__Activity__
Search the records for the word "welcome" and report each line that has it.

__Listed entries__

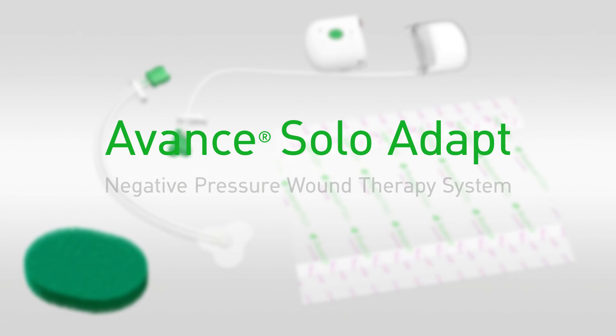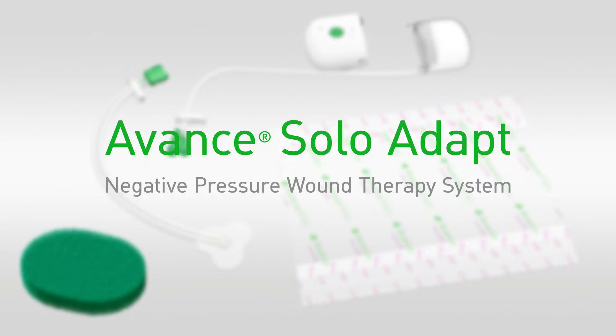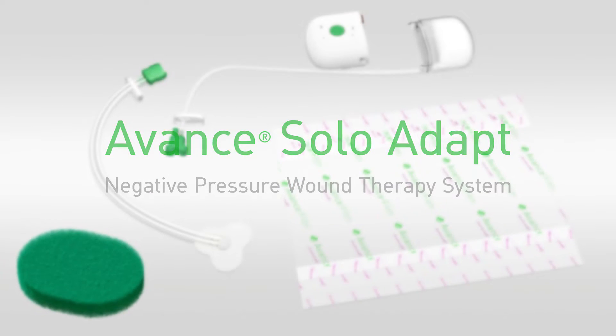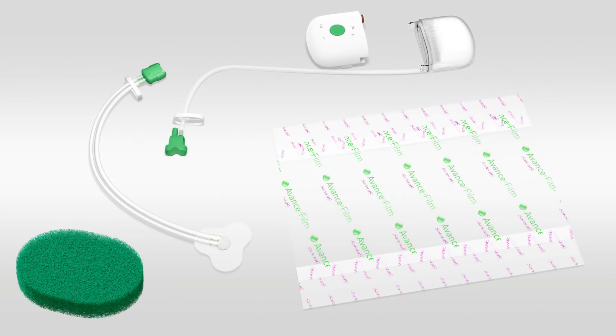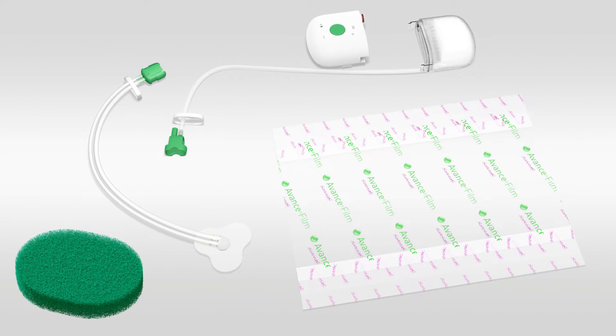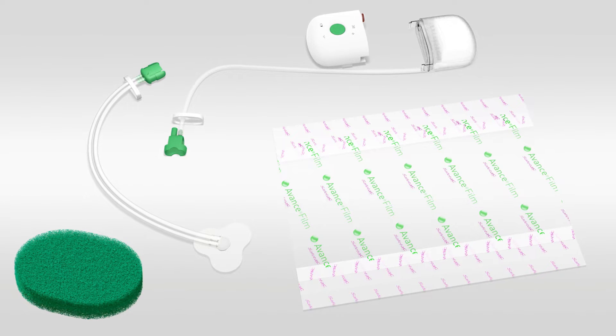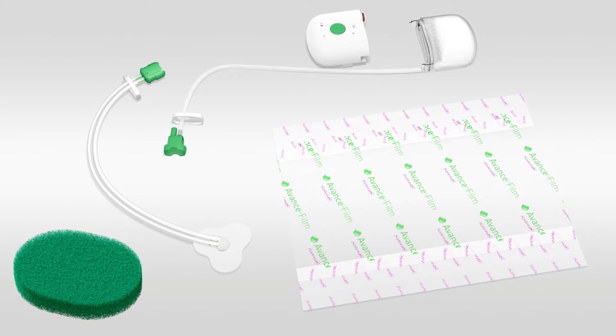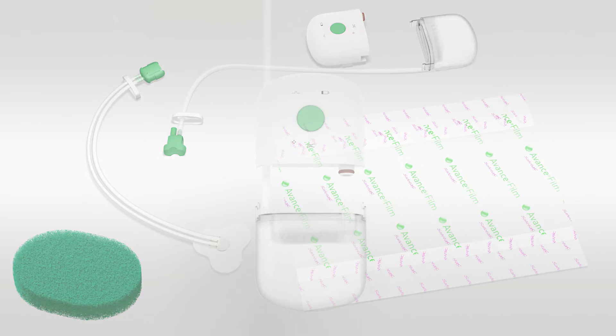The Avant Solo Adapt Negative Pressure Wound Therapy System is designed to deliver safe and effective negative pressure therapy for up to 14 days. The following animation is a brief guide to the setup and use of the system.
...
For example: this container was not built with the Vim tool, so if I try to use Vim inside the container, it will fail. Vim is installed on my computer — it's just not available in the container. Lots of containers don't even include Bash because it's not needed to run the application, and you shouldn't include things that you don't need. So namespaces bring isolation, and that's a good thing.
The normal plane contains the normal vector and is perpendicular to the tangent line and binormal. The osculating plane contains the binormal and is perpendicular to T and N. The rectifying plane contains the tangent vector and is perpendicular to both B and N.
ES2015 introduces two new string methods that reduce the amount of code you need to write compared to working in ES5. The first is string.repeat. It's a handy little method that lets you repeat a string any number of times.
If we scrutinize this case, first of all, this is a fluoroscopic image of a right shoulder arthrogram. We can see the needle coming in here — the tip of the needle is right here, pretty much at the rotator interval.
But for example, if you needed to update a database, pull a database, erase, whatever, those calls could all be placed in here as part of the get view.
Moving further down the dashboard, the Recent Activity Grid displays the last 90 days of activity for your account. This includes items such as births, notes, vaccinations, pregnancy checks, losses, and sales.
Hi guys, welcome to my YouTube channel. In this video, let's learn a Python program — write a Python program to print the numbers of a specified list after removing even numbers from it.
* * *
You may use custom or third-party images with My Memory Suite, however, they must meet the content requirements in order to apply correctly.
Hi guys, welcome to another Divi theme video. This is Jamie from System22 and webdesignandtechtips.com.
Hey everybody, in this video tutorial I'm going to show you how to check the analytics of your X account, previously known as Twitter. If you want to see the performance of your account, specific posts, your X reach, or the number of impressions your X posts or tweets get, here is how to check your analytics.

__Output of the exercise__
Hi guys, welcome to my YouTube channel. In this video, let's learn a Python program — write a Python program to print the numbers of a specified list after removing even numbers from it.
Hi guys, welcome to another Divi theme video. This is Jamie from System22 and webdesignandtechtips.com.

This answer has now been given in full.